Switching costs develop and become stronger when an incumbent product becomes “mission-critical” for the purpose for which the customer acquired the product in the first place. An incumbent that combines network effects with high switching costs in the same product line is well positioned to build a durable moat around its business. Economists describe at least three main assumptions about switching costs. Exogenous switching costs are believed to evolve without any intentional influence from the incumbent producer – for example; customers independently create or enhance switching costs by becoming more skilled and experienced in applying and adapting the incumbent product towards solving a wider variety of problems than the producer had originally envisioned. Endogenous switching costs evolve through deliberate actions by the incumbent – for example; volume discounts to encourage wide adoption within a company of a new software product, coupled with long-lived license agreements and punitive charges if the license is terminated between license renewal dates. Also, deeply entrenched incumbents will typically opt for incompatibility with competing products while new entrants will prefer to build in compatibility with the incumbent product that they seek to displace. Lastly, switching costs are symmetrical between all the producers competing within a given market.5

What are the types of switching costs that lead to buyer lock-in? 
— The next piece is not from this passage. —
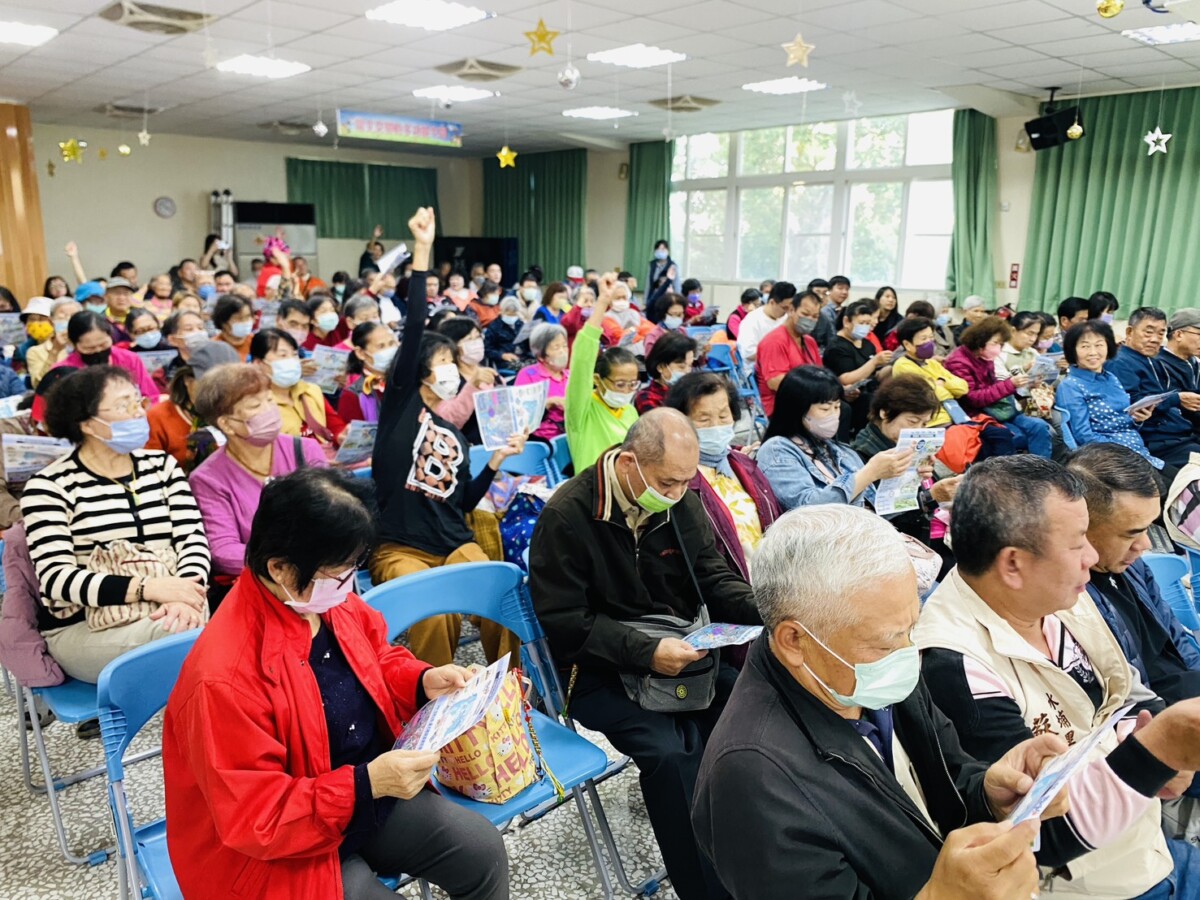 ▲縣長張麗善率建設處長廖政彥、城鄉處長林長造及地政處長葉永星,偕同立委張嘉郡、議員黃文祥、北港鎮長蕭美文等,一起向鄉親報告園區規劃內容、進度與未來效益,現場民眾參與踴躍。(記者陳雅琪攝)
One might consider switching costs to exist along a continuum that is characterised most distinctly by how intertwined each of the categories identified by economists is tightly intertwined with nearly every other category below.6

Compatibility Requirements make it difficult and expensive to switch between products. Consider an individual or organization running MS Windows contemplating a decision to switch to Linux. The implications of this choice are generally non-trivial. Compatibility requirements are largely an implicit cost that is borne by the customer.

Transaction Costs impose an explicit cost on customers who decide to switch from one product to another. For example, cable-tv subscription agreements typically impose a high penalty on subscribers who decide to terminate their agreement before it has run its full course. Any cost than can be measured explicitly and that has to be considered in switching between products falls under this category.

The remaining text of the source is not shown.